La BCE maintient ses taux à 2 pour cent face à l impact de la guerre en Iran
La Banque centrale européenne a maintenu inchangés ses principaux taux directeurs lors de sa réunion du 30 avril 2026, laissant le taux de la facilité de dépôt à 2 pour cent pour le dixième mois consécutif. La décision, conforme à l’attente unanime des économistes interrogés par les principaux médias financiers, reflète l’approche prudente de la BCE alors qu’elle évalue les retombées économiques de la guerre en Iran et décide s’il faut relever à nouveau les taux plus tard dans l’année.
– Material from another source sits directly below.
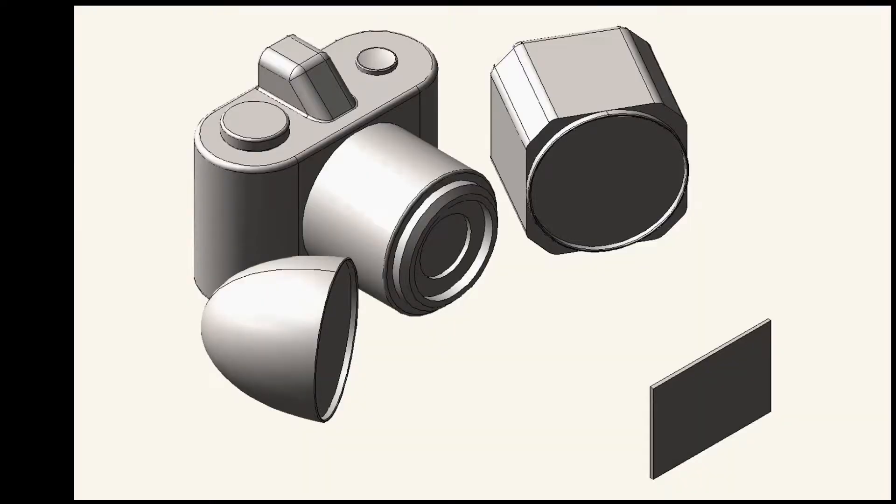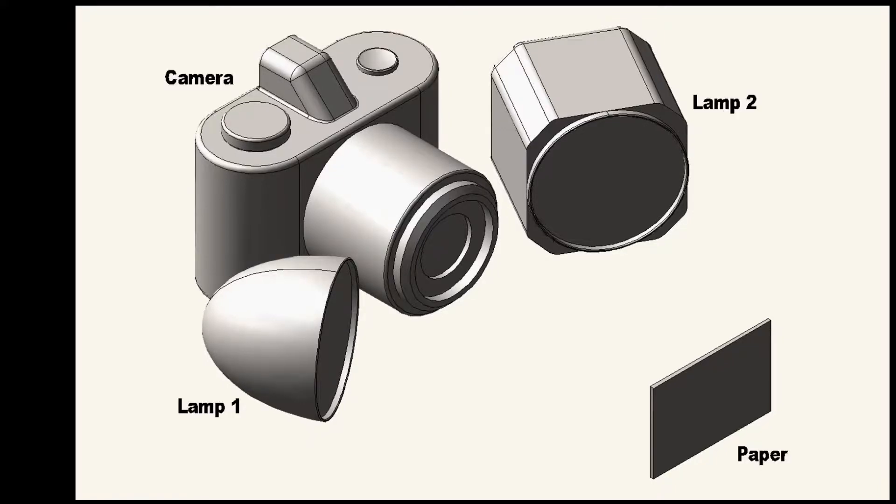I put together a setup using a camera, a support to hold samples of paper, and two lamps to illuminate the samples. I used an ordinary camera having no special lenses, filters, or sensor. Lamp one is an ordinary light available in any photography shop. Lamp two is a special light I built for this application. The paper holder kept each sample in the same position relative to the camera for either lamp.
La décision dans son contexte
Le taux de la facilité de dépôt s’établit à 2 pour cent depuis juin 2025, date à laquelle la BCE a conclu son précédent cycle d’assouplissement. Depuis, la banque centrale a marqué une pause, invoquant l’incertitude croissante liée aux chocs géopolitiques, à la volatilité des prix de l’énergie et aux prévisions divergentes sur l’inflation. L’inflation dans la zone euro a atteint 3 pour cent en avril 2026, bien au-dessus de l’objectif à moyen terme de 2 pour cent fixé par la BCE, tandis qu’au Royaume-Uni, le chiffre s’établissait à 3,3 pour cent en mars, reflétant tous deux l’impact de la hausse des prix de l’énergie.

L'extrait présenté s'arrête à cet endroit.